On Saturday, Matt headed off to China for work again. Saturday was also the last day I spent with my son before his departure for grandma (and grandpa) camp in Berkeley. After three weeks at wheelkids, what he wanted to do with the day was show off his new bike riding skills. Okay by me! So after the morning rush of seeing Matt off, and my daughter’s afternoon nap, we rode down to Golden Gate Park for the Bicycle Music Festival.
The Bicycle Music Festival has amplified music, but it’s all bicycle-powered. I had hoped that kids would have the opportunity to ride the generator-bikes, but they all seemed custom, and sized only for adults. And incidentally, I have never seen so many electric assist bicycles in one place in my life.
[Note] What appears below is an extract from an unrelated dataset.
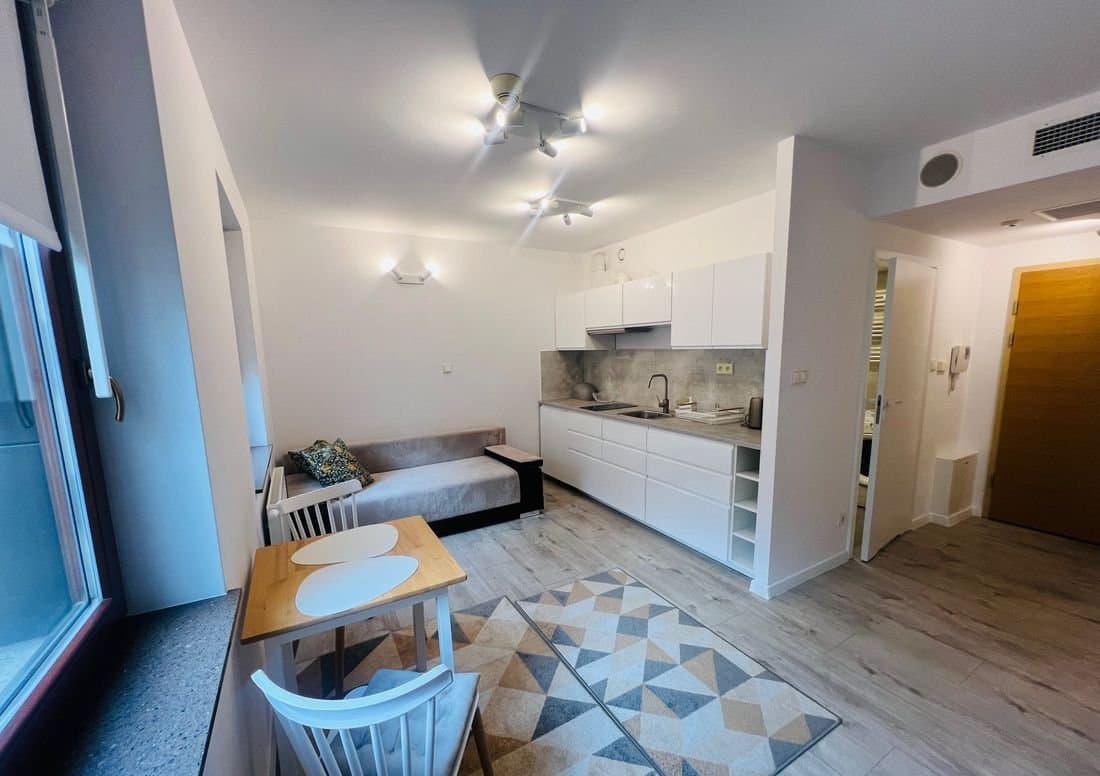 Appartamento, 25,70 m², Wrocław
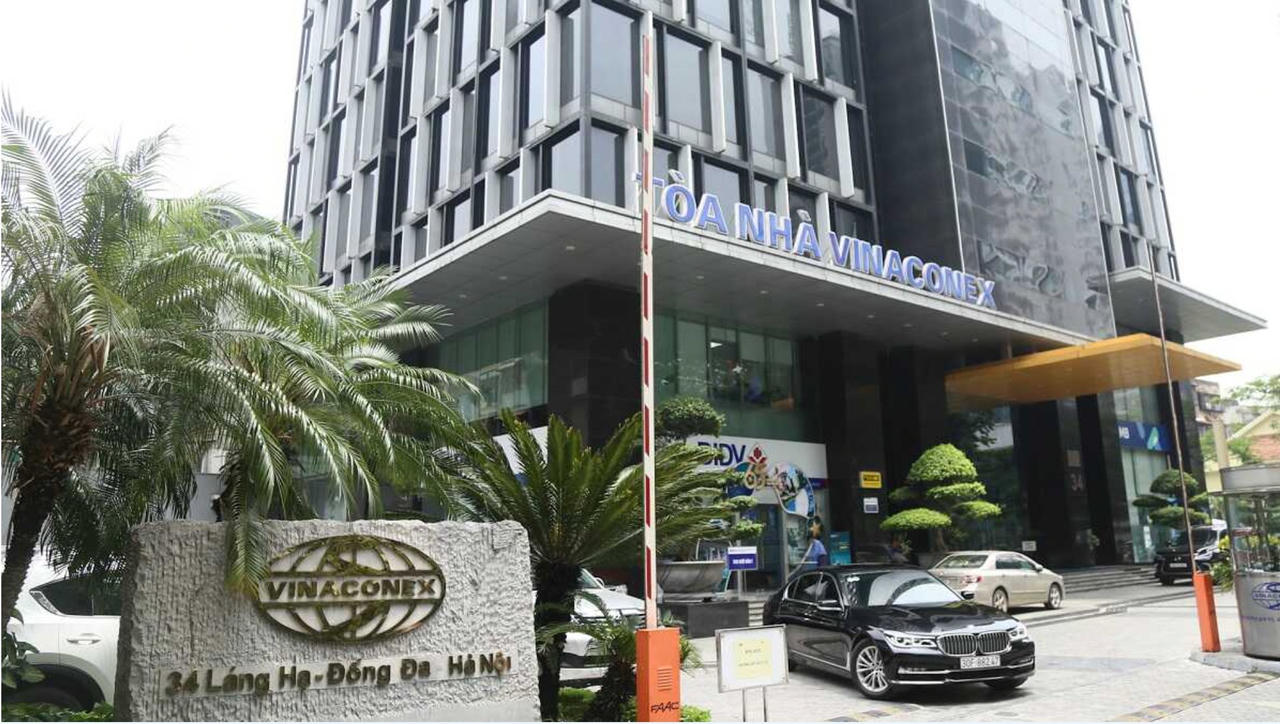 Vinaconex thoái vốn tại dự án Cát Bà Amatina, giá tối thiểu 5.140 tỷ đồng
If they’re electric-assist bicycles, is the festival really human-powered? Certainly I can’t imagine any other way to manage the musical parade across town, but it’s an interesting philosophical question.
Pretty much everyone came to the Bicycle Music Festival by bicycle, and brought them onto the Log Cabin Meadow with them. And yet, although the numbers of bicycles were visually impressive, it looked nothing like its closest automobile equivalent, which to me would be tailgating. A group of people with an equal number of bicycles looks like a big picnic. A group of people with an equal number of cars looks like a parking lot full of cars.
These days we are starting to recognize some of our neighborhood bikes and we’re in that odd place where we nod to acquaintances when we recognize their bikes, although we don’t really know them. It’s like that weird relationship you end up having with other dog owners at the dog park or other parents at the children’s playground.
It turned out that the actual music at the Bicycle Music Festival was not that attractive to kids, or at least it wasn’t at the time we came. My son could not have less interest in spoken word/rap, even if it was ostensibly about bicycles. Instead he rode around for a while through the field, winding around other bicycles in a self-guided obstacle course. I had no idea he’d picked up off-road riding at camp.
He quickly grew tired of the festival and asked to ride around the park more. Now that it’s summer, most of JFK Drive is closed off to cars on both Saturday and Sunday, so no problem. We rode to the waterfall and back, and then headed home.
I was initially nervous about taking our son on actual streets to and from Golden Gate Park, but three weeks at wheelkids seems to have worked something close to a miracle. He now rides a straight line, stops at stop signs before the line without falling over, uses hand signals, and watches oncoming traffic. He’s not perfect (he’s six!) but I was impressed. On hills he stands to get leverage, and although he couldn’t make it home without walking—it’s a single-speed bicycle—he rode a good portion of it. And he got back on the bike for the last stretch near home. He’s not ready for the traffic and hills on the route to school, but he’s closer than I would have hoped. I give full props to wheelkids for this, because we came nowhere near teaching him this stuff on our own. And he loved it.
When we got home, we headed out for sushi and noodles at our neighborhood joint. And who showed up but Adrienne from Change Your Life, Ride A Bike! It was great to meet her; reading her stories about riding with her youngest in San Francisco is part of what gave us the confidence to try riding with our kids in the city. Big city, small world.